== EXERCISE DESCRIPTION ==
Nothing but text lines should be duplicated: start with the first line of the listing below and stop after the line holding "蓝牙主模块蓝牙从模块是否一样两者的区别和关联性是，蓝牙模块从机", omitting pictures.

==========

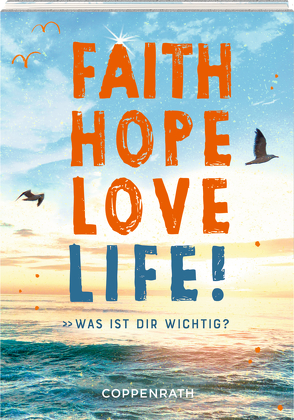 Geschenkbuch – Faith Hope Love Life!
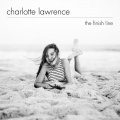 Charlotte Lawrence - The Finish Line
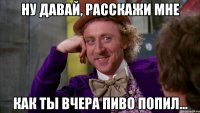 НУ ДАВАЙ, РАССКАЖИ МНЕ КАК ТЫ ВЧЕРА ПИВО ПОПИЛ...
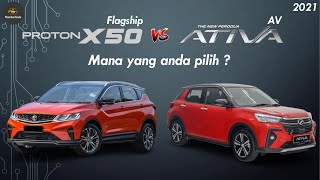 Proton X50 2021 vs Perodua Ativa 2021  Proton X50 Flagship vs Perodua Ativa AV mana yg anda pilih [upl. by Rramal]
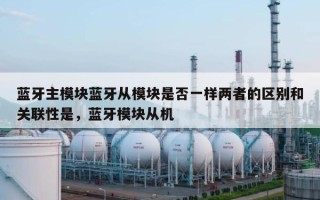 蓝牙主模块蓝牙从模块是否一样两者的区别和关联性是，蓝牙模块从机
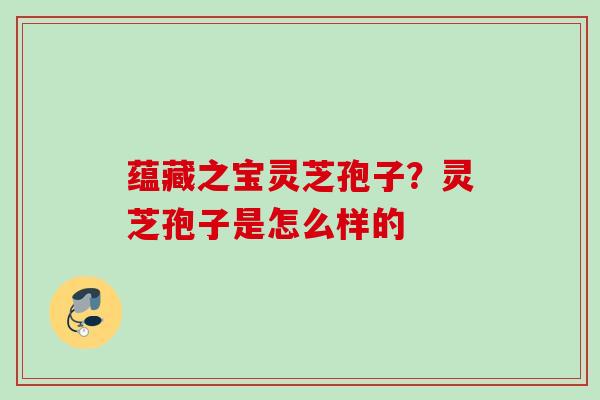 蕴藏之宝灵芝孢子?灵芝孢子是怎么样的 蕴藏之宝灵芝孢子?灵芝孢子是怎么样的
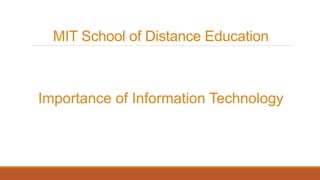 MIT School of Distance Education
Importance of Information Technology
 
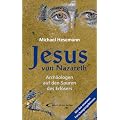 Jesus von Nazareth: Arch�ologen auf den Spuren des Erl�sers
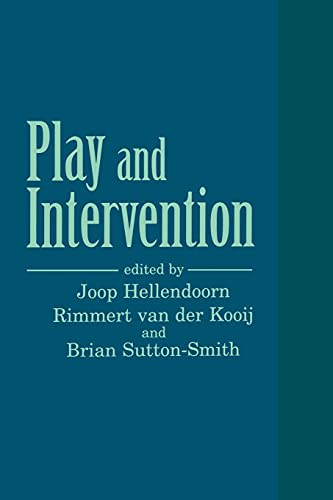 Play and Intervention (Suny Series, Children's Pla (Suny Series, Children's Play in Society) von State University of New York Press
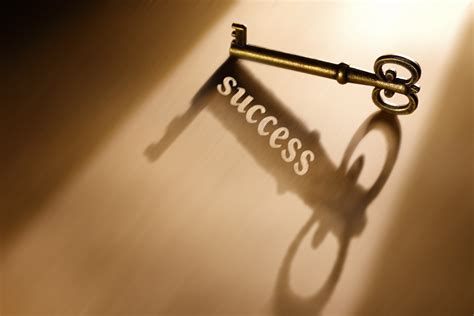 What is the 1 key to success?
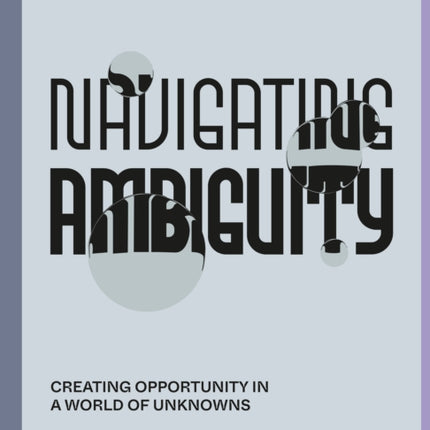 Navigating Ambiguity: Creating Opportunity in a World of Unknowns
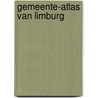 Gemeente-atlas van limburg by Kuyper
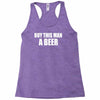 buy this man a beer Racerback Tank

==========

== TASK OUTPUT ==
 Geschenkbuch – Faith Hope Love Life!
 Charlotte Lawrence - The Finish Line
 НУ ДАВАЙ, РАССКАЖИ МНЕ КАК ТЫ ВЧЕРА ПИВО ПОПИЛ...
 Proton X50 2021 vs Perodua Ativa 2021  Proton X50 Flagship vs Perodua Ativa AV mana yg anda pilih [upl. by Rramal]
 蓝牙主模块蓝牙从模块是否一样两者的区别和关联性是，蓝牙模块从机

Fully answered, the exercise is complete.